First steady-state, high performance tokamak plasma achieved on EAST in China
By Zihan Lin
On 12th April the first 403-second steady-state H-mode plasma was achieved on the EAST tokamak in Hefei, China.
Staff members perform an upgrade to the experimental advanced superconducting tokamak (EAST) at the Hefei Institutes of Physical Science under the Chinese Academy of Sciences (CAS). © Xinhua
What have they done and why is it significant?
What have they done?
The EAST tokamak achieved a stable H-mode plasma for 403 seconds, which is a new record pulse length for high performance operation in tokamaks (over 6.5 minutes).
This achievement breaks EAST’s previous record of 101 seconds in 2017.
The H-mode plasma operation was repeated the following day.
Why impressive?
Some reported features of the historical shot include:
1) A full non-inductive plasma with high density and high bootstrap current (>50%) by RF heating with zero torque injection.

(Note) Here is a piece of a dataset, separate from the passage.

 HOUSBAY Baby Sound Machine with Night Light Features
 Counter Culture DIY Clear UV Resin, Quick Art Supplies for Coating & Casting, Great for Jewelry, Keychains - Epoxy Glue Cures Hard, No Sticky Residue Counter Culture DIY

“Non-inductive” means that a solenoid is not used to sustain the plasma current. The plasma current is essential for a tokamak to work but generating it using a solenoid in the centre of the machine is associated with issues such as limited plasma current and plasma instabilities. Non-inductive current drive offers more flexibility and stability. RF—or radio frequency—heating delivers energy to the plasma using radio or microwaves.
2) H-factor around 1.35 with internal transport barrier by electron dominant heating to sustain a high temperature plasma.
The high H-factor indicates a long energy confinement time (ie. how well the heat energy is trapped) and sustained heating. The presence of an internal transport barrier effectively suppresses turbulence and supports a high energy confinement time (ie. stops the heat energy leaking out so quickly).
3) Key issues of particle and heat balance tackled with actively cooling tungsten divertor.
The divertor is the exhaust system of the tokamak—escaping heat and particles are diverted to this strengthened area of the tokamak to prevent damage to the walls and contamination and cooling of the plasma. Solving the key physics and technical problems of particles and heat balance on a tungsten divertor is a milestone in tackling the challenges of plasma-materials interaction.
4) Small ELMs throughout the discharge, with high core performance.
ELMs (Edge-Localised Modes) are the manifestation of a magnetohydrodynamic instability that occurs in the edge of H-mode plasmas. They are bursts of energy and particles ejected from the plasma, a bit like mini solar flares, which could be very damaging to the reactor wall of larger future tokamaks. Minimising ELMs is essential for maintaining the lifetime of plasma-facing components and reducing impurity contamination of the plasma.
New Super I-mode Obtained on EAST. © HFIPS
Why important?
This achievement verifies the feasibility of steady-state high performance operation in a future fusion reactor, which will be imperative for a tokamak power plant.
Dr. Alan Costley, a respected plasma physicist who has worked in fusion for over 45 years, remarked: “It is indeed real progress. Achieving high performance conditions is one thing, but holding them for a long time is another. In this case the plasma was fully non-inductive and so potentially could have gone on indefinitely subject only to power supply limitations. Maybe there was another limit—a heat load perhaps—but it seems that the plasma was essentially in steady state. This is real progress towards fusion.”
What’s next?
The first experimental campaign on EAST in 2023 will be going on for about two or three months and the second one has been scheduled in the winter of this year.
The experiments and record results on the EAST tokamak provide important experimental support for ITER and the independent construction and operation of fusion reactors in China.
The team has completed the design of the China Fusion Engineering Test Reactor (CFETR), dubbed the next-generation “artificial sun.” The target is to make CFETR the world’s first demonstration reactor.